I met him in a neighborhood wine bar three days later, and I have to admit that I’d expected one of those guys who muscled up in prison gyms, cut his initials in his hair, or had enough studs in his lips and tongue and eyebrows to set off airport metal detectors. Such had been my vision of the criminal sort toward which Maddox would have gravitated, she forever the Bonnie of some misbegotten Clyde. Instead, I found myself talking to a well-spoken young man whose tone was quietly informative.

 

“Maddox was a tenant in my building,” he told me after I’d identified myself.

 

“You’re the super who found her?”

 

“No, I own the building,” Theo said.

 

For a moment, I wondered if I was about to be hit up for Maddox’s unpaid rent.

 

“Sometimes Maddox and I talked,” he said. “She usually didn’t have much to say, but a few times, when she was in the hallway or walking through the courtyard, I’d stop to chat.” He paused before adding: “She’d paid her rent a few months in advance and told the super that she was going away for a while.
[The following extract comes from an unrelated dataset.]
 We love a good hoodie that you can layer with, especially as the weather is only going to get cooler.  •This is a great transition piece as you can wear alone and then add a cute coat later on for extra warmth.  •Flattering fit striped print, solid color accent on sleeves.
He assumed she’d done exactly that, just gone away for a while, so he didn’t think anything of it when he stopped seeing her around.”

 

“She planned it, you mean,” I said. “Her death.”

 

“It seems that way,” Theo answered.

 

So, I thought, she’d murdered someone at last.

 

Theo placed a refrigerator magnet on the table and slid it over to me. “This is what she wanted you to have.”

 

“Beauty and the Beast,” I said quietly, surprised that Maddox had held on to such a relic—and certainly surprised that, for some bizarre reason, she’d wanted me to have it. “I took her and my daughter to that show.”

 

“I know,” Theo said. “It was the happiest day of Maddox’s life. She remembered how you bought the magnet for her and put it in her hand and curled her fingers around it. It was tender, the way you did it, she said, very loving.”

 

I gave the magnet a quick glance but didn’t touch it. “Obviously, she told you that she lived with us a while.”

 

He nodded.

 

“Unfortunately, I had to send her back to her mother,” I told him bluntly, picking up the magnet and turning it slowly in my fingers. “She told lies,” I added. “She cheated on tests, or, at least, she tried to. She stole.” And that was not the worst of it, I thought.

 

All this appeared to surprise Theo, so I suspected he’d been taken in by Maddox, fallen for whatever character she’d created in order to manipulate him. She’d tried to do the same with me, but by then I’d seen how dangerous she was and had acted accordingly.

 

“And so I sent her back,” I said. “I’m sure that’s what she wanted all along.”

 

Theo was silent for a moment before he said, “No, she wanted to stay.”

 

Perhaps at the very end, Maddox truly had wanted to stay with us, I thought. But if so, that only meant she’d have done whatever she had to do to accomplish that goal. In fact, I decided, that might well have been the reason she’d done what she’d done that night in the subway station.

 

“She was capable of anything,” I told Theo resolutely.

 

At that point, I actually considered telling Theo the whole story, but then found that I couldn’t.

 

After a moment, Theo nodded toward the refrigerator magnet. “Anyway,” he said, “It’s yours now.”